» **What you will do**
Spot each line in the records below where the word "near" occurs, then copy it.

____ Data for processing

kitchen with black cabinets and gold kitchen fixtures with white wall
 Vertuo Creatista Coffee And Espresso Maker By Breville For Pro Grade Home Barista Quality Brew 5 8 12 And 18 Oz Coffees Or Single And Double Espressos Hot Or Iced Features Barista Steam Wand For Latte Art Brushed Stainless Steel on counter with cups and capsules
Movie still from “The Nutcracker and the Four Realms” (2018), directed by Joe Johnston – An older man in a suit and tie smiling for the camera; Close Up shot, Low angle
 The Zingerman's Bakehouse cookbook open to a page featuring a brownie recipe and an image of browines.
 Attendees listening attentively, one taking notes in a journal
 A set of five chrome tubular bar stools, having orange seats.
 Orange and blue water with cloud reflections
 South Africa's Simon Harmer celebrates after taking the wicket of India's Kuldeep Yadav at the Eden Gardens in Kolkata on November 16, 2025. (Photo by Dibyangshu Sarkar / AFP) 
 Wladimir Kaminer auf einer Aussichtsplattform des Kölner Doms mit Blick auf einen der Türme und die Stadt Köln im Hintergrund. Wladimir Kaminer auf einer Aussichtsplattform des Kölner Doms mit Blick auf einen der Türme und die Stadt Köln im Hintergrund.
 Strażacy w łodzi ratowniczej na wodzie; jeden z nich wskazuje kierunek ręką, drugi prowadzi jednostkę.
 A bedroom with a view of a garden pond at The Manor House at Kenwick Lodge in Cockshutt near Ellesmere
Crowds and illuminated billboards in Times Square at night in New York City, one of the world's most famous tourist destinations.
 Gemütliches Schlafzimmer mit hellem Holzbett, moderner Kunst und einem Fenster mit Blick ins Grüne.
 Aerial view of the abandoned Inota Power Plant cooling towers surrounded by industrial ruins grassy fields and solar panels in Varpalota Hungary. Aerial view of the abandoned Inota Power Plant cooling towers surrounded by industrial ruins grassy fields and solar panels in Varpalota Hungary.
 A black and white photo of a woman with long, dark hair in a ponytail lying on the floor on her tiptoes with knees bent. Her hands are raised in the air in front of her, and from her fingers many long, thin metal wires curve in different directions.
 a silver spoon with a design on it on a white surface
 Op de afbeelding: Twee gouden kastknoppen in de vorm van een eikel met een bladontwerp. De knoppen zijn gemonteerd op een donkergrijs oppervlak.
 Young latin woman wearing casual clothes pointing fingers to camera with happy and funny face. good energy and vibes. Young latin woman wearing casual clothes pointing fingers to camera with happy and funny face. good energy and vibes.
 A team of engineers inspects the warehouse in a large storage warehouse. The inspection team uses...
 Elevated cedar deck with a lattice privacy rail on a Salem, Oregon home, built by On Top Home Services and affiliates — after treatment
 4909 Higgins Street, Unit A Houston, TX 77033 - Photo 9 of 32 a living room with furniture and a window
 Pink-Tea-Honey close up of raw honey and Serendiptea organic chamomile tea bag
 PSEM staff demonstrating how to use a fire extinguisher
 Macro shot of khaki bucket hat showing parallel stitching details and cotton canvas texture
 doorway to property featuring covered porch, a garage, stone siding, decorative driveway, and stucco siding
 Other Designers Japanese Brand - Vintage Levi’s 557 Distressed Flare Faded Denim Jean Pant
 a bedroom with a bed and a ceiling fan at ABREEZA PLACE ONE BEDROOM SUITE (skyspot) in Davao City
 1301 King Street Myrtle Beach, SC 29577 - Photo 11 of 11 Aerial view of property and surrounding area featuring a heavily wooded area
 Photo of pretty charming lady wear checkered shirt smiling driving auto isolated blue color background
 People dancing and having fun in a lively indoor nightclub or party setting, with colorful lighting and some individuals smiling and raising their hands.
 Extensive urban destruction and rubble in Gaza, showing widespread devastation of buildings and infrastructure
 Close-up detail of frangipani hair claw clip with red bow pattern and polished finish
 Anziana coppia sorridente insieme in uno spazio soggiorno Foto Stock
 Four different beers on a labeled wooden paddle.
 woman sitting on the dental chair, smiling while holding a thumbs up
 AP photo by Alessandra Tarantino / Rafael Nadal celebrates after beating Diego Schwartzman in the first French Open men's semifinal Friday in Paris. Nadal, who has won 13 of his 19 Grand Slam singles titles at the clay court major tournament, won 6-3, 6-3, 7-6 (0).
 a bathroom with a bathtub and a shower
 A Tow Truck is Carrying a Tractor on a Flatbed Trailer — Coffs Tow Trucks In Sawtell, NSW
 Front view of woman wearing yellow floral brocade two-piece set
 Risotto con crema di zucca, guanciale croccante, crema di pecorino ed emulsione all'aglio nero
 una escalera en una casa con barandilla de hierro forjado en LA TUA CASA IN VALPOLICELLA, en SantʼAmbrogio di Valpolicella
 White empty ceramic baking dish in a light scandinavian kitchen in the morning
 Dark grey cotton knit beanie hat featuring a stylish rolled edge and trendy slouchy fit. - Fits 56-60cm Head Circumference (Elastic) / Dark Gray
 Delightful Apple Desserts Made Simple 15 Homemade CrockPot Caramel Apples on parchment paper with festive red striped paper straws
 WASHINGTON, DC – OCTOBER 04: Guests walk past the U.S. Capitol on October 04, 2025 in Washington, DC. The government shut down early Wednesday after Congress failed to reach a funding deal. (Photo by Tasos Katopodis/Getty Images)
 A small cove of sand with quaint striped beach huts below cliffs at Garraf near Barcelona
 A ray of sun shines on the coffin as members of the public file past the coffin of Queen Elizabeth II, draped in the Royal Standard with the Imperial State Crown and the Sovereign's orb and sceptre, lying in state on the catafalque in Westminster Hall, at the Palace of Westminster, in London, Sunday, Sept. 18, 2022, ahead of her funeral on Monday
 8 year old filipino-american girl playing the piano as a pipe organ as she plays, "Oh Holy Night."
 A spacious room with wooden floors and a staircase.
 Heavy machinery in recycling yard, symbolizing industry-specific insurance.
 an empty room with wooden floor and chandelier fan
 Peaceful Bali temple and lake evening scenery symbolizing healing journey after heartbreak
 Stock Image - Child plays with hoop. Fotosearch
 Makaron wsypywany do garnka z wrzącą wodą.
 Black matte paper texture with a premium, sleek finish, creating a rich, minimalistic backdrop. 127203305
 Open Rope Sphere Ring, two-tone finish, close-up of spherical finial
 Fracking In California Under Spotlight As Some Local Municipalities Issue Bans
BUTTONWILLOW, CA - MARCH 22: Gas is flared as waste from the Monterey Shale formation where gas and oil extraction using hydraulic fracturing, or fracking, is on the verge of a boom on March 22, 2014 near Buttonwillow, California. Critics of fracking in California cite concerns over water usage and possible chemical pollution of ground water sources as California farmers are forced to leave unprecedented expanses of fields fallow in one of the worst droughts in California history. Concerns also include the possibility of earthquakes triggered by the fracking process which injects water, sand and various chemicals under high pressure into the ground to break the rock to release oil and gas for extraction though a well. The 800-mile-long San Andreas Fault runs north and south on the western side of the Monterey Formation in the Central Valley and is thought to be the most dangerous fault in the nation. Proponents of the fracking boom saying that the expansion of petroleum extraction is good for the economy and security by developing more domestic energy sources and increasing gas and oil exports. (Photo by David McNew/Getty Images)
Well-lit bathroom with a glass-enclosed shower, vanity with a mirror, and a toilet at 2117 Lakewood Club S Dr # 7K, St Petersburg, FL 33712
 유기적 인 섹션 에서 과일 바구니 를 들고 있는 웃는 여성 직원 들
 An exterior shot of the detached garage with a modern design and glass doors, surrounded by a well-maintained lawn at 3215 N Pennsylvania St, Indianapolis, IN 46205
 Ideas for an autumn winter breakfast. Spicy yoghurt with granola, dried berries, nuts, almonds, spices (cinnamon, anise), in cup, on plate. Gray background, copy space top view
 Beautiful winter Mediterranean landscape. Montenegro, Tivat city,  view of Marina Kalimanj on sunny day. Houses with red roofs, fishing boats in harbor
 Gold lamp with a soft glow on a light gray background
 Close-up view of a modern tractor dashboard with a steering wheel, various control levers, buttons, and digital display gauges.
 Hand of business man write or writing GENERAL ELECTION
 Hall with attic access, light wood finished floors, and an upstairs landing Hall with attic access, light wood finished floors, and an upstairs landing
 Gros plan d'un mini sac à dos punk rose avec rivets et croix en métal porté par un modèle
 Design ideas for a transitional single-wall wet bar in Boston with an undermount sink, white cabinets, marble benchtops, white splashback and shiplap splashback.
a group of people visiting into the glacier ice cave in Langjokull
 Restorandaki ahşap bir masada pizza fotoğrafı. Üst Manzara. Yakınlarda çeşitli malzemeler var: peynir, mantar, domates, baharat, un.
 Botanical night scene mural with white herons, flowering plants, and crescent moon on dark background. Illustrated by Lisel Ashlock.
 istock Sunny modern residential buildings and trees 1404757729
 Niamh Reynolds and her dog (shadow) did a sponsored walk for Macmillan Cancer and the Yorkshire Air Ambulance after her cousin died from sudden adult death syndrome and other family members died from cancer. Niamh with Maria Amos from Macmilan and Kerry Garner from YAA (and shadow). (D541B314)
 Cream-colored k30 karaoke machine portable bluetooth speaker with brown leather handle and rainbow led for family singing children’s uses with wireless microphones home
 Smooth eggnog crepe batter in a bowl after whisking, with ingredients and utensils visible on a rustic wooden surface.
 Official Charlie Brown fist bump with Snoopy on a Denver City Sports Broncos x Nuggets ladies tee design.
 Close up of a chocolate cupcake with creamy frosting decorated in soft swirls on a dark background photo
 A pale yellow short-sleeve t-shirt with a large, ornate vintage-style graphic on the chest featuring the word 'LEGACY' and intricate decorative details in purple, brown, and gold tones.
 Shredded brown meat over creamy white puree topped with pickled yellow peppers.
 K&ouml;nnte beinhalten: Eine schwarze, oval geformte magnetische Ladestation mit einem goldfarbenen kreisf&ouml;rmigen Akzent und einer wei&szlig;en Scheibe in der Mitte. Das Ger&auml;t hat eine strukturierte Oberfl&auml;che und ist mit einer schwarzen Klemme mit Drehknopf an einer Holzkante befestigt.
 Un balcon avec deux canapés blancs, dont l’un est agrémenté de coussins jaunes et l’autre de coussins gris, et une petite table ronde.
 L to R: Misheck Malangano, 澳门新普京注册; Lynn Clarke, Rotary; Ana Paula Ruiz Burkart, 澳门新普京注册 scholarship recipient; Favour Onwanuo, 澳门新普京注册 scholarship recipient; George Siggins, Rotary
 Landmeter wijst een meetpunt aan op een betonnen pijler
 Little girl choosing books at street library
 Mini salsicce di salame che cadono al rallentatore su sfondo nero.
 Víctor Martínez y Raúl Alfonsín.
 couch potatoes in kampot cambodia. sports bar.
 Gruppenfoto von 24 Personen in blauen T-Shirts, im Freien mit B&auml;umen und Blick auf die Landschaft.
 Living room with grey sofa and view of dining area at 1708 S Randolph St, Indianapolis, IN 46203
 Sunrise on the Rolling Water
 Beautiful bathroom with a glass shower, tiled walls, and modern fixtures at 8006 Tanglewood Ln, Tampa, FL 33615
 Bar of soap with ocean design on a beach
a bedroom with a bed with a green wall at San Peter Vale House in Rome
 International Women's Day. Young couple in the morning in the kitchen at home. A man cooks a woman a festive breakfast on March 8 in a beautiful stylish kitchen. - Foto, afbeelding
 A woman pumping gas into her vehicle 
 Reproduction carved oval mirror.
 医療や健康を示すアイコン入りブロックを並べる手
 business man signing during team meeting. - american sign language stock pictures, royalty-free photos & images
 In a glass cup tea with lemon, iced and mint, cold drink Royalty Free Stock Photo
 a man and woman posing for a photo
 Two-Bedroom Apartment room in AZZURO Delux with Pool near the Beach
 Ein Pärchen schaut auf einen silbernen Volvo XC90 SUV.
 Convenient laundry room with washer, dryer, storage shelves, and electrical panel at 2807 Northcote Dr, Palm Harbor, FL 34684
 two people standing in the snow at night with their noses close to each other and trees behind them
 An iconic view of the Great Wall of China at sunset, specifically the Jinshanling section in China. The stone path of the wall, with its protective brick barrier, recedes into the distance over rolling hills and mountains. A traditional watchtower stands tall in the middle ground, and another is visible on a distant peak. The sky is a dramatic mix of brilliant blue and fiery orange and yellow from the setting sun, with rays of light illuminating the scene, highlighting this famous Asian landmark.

________

» **Response to the task**
 A bedroom with a view of a garden pond at The Manor House at Kenwick Lodge in Cockshutt near Ellesmere
 A small cove of sand with quaint striped beach huts below cliffs at Garraf near Barcelona
BUTTONWILLOW, CA - MARCH 22: Gas is flared as waste from the Monterey Shale formation where gas and oil extraction using hydraulic fracturing, or fracking, is on the verge of a boom on March 22, 2014 near Buttonwillow, California. Critics of fracking in California cite concerns over water usage and possible chemical pollution of ground water sources as California farmers are forced to leave unprecedented expanses of fields fallow in one of the worst droughts in California history. Concerns also include the possibility of earthquakes triggered by the fracking process which injects water, sand and various chemicals under high pressure into the ground to break the rock to release oil and gas for extraction though a well. The 800-mile-long San Andreas Fault runs north and south on the western side of the Monterey Formation in the Central Valley and is thought to be the most dangerous fault in the nation. Proponents of the fracking boom saying that the expansion of petroleum extraction is good for the economy and security by developing more domestic energy sources and increasing gas and oil exports. (Photo by David McNew/Getty Images)
 Two-Bedroom Apartment room in AZZURO Delux with Pool near the Beach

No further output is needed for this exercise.